Fussell’s Thank God for the Atomic Bomb rests on a number of premises, some of which are explicit and some of which are implicit. These are as follows: utilitarianism, or something like it, is a valid basis for determining whether a decision was correct. That is, the rightness of a decision depends more on its results than abstract duties. The probable result of not dropping the bomb would have been far worse than what came of dropping it. People directly affected by an issue should be given special consideration because for them, the decision is real, not just an abstraction. The American soldiers who were likely to die in an invasion thus have more authority on the subject of the bomb than those who were safely unborn at the time or on the mainland. On the more concrete level, the atomic bomb was the least-worst way to make Japan surrender and it did, in fact, cause Japan to surrender. I can understand his general approach here and I made a presentation for a history competition when I was in seventh grade based on similar arguments. The director of my school’s extended learning program questioned whether the mass killing of several hundred thousand people could really be called good, rather than regrettable at best. Over the years, my position has changed as I thought these matters through. I came to realize that even if we grant Fussell’s framework for how to determine a correct decision (moral philosophy is outside the scope of this paper) many parts of his argument do not hold up.

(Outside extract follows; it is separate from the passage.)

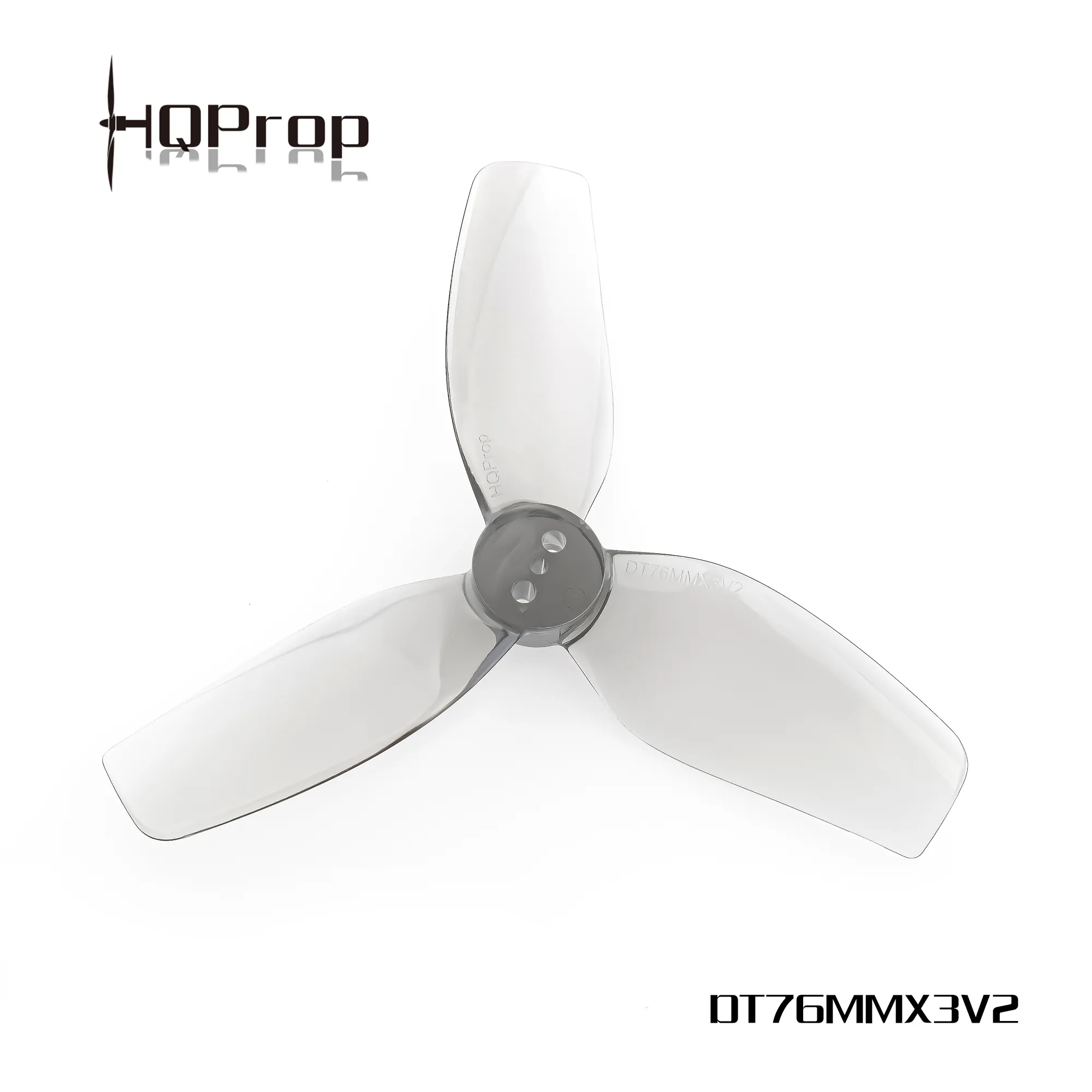 HQProp DT76MMX3 V2 for Cinewhoop (2CW+2CCW)-Poly Carbonate HQProp DT76MMX3 V2 for Cinewhoop (2CW+2CCW)-Poly Carbonate - Image 1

Most of Fussell’s weaknesses come down to what he proclaims as a strength: his personal involvement in the subject. He was one of the American soldiers he frequently mentions likely would have been killed in an invasion of Japan. (Fussell, 218) While this gives him certain insights, though not into the politics of World-War-II Japan, and explains why he “thanks God for the atomic bomb,” it also gives him a rather narrow perspective. This most obviously affects his argument that opponents of the nuclear attack lack credibility because they were never in danger and are only looking at the question theoretically. There are several ways to turn his premises against his conclusion.
If Fussell can argue that it’s easy to argue that it’s easy to argue dropping the atomic bomb was wrong when you and your family aren’t going to die in an invasion of Japan, (Fussell, 212) then surely a Japanese person can argue that it’s easy to say the bomb should have been dropped when it wasn’t dropped on you. If the American soldiers get special standing in this debate because they theoretically could have died, what about the inhabitants of Hiroshima and Nagasaki, most of whom actually did die? He does address this to some degree, acknowledging the horrors of the bombing, but his comparison to the other horrors of the war doesn’t really support his argument. (Fussell, 220) It merely shows that neither of the scenarios he lays out could be considered good.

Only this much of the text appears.